(Task instructions):
Please give an exact copy of every line from the one holding "Statue of the" through the final line of the records below.

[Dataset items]

----------

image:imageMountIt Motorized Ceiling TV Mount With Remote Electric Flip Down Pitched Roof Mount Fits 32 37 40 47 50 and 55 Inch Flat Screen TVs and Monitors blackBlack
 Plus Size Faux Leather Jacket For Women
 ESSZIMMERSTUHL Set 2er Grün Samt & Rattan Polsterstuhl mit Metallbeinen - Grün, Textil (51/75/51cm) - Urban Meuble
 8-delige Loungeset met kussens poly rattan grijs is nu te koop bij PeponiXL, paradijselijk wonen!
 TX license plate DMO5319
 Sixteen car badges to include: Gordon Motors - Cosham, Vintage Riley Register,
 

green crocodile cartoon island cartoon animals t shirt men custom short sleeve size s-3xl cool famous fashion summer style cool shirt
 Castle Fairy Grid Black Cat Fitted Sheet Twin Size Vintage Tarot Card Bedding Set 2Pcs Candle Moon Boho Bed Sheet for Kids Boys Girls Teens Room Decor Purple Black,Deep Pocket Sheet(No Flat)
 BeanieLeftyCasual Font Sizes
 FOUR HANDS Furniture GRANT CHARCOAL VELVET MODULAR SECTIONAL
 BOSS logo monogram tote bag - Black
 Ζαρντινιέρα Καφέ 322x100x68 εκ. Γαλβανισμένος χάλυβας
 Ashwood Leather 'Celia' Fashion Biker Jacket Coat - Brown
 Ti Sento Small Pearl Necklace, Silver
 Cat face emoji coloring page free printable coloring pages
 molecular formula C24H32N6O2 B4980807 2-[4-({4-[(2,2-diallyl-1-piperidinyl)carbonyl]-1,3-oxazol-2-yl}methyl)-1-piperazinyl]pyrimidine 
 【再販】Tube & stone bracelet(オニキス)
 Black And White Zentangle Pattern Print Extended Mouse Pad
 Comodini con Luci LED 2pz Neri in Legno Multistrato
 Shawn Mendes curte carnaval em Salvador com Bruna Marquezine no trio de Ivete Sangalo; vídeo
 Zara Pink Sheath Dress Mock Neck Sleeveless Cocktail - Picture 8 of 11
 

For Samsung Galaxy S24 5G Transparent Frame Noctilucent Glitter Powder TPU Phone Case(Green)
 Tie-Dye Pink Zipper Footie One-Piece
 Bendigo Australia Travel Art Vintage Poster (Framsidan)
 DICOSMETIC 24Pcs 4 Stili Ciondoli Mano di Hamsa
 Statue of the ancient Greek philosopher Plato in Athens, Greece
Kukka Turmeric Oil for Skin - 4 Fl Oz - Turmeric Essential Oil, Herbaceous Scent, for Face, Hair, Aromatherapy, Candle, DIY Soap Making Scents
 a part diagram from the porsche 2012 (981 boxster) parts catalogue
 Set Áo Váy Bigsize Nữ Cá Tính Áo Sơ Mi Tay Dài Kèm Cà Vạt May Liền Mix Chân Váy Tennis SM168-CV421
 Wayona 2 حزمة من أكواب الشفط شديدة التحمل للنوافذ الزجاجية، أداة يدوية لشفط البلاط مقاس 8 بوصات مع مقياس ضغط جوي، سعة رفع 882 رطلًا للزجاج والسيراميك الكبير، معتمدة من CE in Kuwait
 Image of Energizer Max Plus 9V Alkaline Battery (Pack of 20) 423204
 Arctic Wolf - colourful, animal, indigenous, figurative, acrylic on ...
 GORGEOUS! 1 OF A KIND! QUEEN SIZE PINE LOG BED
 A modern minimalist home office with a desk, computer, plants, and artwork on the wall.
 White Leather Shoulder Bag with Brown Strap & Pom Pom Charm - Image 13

----------

(Exercise solution):
 Statue of the ancient Greek philosopher Plato in Athens, Greece
Kukka Turmeric Oil for Skin - 4 Fl Oz - Turmeric Essential Oil, Herbaceous Scent, for Face, Hair, Aromatherapy, Candle, DIY Soap Making Scents
 a part diagram from the porsche 2012 (981 boxster) parts catalogue
 Set Áo Váy Bigsize Nữ Cá Tính Áo Sơ Mi Tay Dài Kèm Cà Vạt May Liền Mix Chân Váy Tennis SM168-CV421
 Wayona 2 حزمة من أكواب الشفط شديدة التحمل للنوافذ الزجاجية، أداة يدوية لشفط البلاط مقاس 8 بوصات مع مقياس ضغط جوي، سعة رفع 882 رطلًا للزجاج والسيراميك الكبير، معتمدة من CE in Kuwait
 Image of Energizer Max Plus 9V Alkaline Battery (Pack of 20) 423204
 Arctic Wolf - colourful, animal, indigenous, figurative, acrylic on ...
 GORGEOUS! 1 OF A KIND! QUEEN SIZE PINE LOG BED
 A modern minimalist home office with a desk, computer, plants, and artwork on the wall.
 White Leather Shoulder Bag with Brown Strap & Pom Pom Charm - Image 13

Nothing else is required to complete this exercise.